Lettre N° 153 - J'irai sur ton île...

Mon Amour,

J’apprends ce nouveau rythme, tes lettres plus rares, ta façon si singulière d’utiliser les textos, de ne pas te t’obliger à l’immédiateté des réponses, de maîtriser le temps et d’infléchir notre communication. Délibérément tu t’installes dans le contretemps, défaisant patiemment les synchronicités, les accords, les harmonies.
Je me souviens de certaines conversations du temps où tu étais là, de tes phrases qui maintenant résonnent comme des prémonitions : « En fait, il ne s’agit pas de trouver la voie quasi magique qui effacerait les contradictions de nos vies, mais plutôt à trouver le fil ténu d’une sorte de cohérence, secrète, toujours mystérieuse, qui relierait notre animalité, notre sauvagerie, à l’être que nous tentons de devenir… ». Tu rajoutas : « Harmoniser le dedans et le dehors… de combien de strates sommes-nous faits, qui parle à qui, nous nous croyons libres, mais nous ne connaissons même pas les vrais personnages de notre relation, nous parlons d’amour par facilité, pour faire un raccourci facile, convenu, rassurant… »
Pour être clair, j’ai toujours su que nous en arriverions là, à ces distances, durant des mois, des années, j’ai attendu ce moment où nous déferions nos liens.
Nous avons voulu échapper à la malédiction du couple, pour mieux nous livrer à nos propres démons.

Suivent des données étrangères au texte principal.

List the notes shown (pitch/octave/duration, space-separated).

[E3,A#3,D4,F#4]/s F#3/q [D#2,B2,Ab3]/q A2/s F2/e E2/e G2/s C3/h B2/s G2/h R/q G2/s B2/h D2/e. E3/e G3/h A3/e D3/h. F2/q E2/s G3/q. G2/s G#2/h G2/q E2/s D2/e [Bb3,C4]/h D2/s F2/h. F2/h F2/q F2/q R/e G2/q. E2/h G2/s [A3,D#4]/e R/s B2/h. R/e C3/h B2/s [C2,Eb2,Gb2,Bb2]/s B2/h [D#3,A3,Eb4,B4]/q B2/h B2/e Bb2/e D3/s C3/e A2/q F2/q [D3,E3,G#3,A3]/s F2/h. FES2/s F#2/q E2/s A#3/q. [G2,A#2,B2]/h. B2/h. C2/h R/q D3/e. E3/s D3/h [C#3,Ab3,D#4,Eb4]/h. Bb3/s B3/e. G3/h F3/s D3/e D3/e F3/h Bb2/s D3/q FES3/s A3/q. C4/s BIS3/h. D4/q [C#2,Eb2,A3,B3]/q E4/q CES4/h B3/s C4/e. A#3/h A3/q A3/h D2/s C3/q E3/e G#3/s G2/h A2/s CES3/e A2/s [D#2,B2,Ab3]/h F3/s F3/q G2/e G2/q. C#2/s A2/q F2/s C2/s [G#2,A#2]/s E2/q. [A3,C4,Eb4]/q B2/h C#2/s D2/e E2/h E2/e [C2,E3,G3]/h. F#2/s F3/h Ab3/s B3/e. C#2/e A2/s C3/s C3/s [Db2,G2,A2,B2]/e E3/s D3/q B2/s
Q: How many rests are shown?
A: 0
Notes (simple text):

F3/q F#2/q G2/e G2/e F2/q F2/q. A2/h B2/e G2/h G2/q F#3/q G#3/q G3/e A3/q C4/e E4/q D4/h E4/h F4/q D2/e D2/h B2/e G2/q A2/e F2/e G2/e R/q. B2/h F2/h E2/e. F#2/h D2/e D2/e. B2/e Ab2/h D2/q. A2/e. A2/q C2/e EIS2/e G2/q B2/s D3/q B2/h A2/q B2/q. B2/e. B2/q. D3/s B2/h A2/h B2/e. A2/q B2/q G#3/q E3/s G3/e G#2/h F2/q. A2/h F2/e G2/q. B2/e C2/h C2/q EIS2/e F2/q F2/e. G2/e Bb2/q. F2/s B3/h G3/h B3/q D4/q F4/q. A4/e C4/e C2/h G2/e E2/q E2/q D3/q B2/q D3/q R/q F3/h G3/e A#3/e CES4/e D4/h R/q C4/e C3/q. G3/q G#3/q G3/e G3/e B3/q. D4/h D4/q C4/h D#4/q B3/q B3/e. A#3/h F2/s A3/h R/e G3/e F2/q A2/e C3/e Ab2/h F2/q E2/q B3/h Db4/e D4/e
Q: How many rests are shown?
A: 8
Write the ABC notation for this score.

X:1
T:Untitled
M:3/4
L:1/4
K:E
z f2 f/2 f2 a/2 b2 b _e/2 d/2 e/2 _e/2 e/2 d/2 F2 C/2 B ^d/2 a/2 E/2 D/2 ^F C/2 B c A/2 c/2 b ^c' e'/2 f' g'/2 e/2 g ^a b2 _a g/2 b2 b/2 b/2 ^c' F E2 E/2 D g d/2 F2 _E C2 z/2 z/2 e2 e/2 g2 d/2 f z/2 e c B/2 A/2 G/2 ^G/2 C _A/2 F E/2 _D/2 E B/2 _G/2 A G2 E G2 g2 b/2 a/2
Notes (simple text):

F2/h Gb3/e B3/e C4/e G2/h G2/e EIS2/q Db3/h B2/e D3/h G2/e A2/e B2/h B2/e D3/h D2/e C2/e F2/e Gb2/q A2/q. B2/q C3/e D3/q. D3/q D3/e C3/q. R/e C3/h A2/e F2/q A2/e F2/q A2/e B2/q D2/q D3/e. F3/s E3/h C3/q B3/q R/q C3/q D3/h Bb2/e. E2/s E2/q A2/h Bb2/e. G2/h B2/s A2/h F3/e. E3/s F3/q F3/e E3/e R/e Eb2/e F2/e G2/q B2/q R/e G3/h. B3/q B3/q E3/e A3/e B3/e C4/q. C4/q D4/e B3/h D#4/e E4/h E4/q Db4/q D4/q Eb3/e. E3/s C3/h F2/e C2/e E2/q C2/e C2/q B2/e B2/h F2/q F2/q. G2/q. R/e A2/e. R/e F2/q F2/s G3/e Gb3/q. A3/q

Aujourd’hui tu es loin, tu ne me dis rien de ton livre ou si peu, tu nous laisses dans un  no man's land, me laissant le soin de conclure. Nous avons cru que l’écriture nous sauverait, nous aiderait à éviter les écueils, nous obligerait à une vigilance mutuelle, à une bienveillance partagée. Aujourd’hui, nous le savons, il n’en est rien. Ce pacte d’écriture, cette passion commune, est devenu le terrain de jeu de nos vieilles souffrances, de notre irrémédiable passé, la porte ouverte à nos sauvageries. Tu aimais ce mot, sauvagerie. A te voir, tu sembles en être si éloignée, ta douceur première est si délicate. « Écrire, oblige à chercher le vieil animal en nous, ce bois primordial dont on est fait, et de lui faire une place pour l’apprivoiser… ».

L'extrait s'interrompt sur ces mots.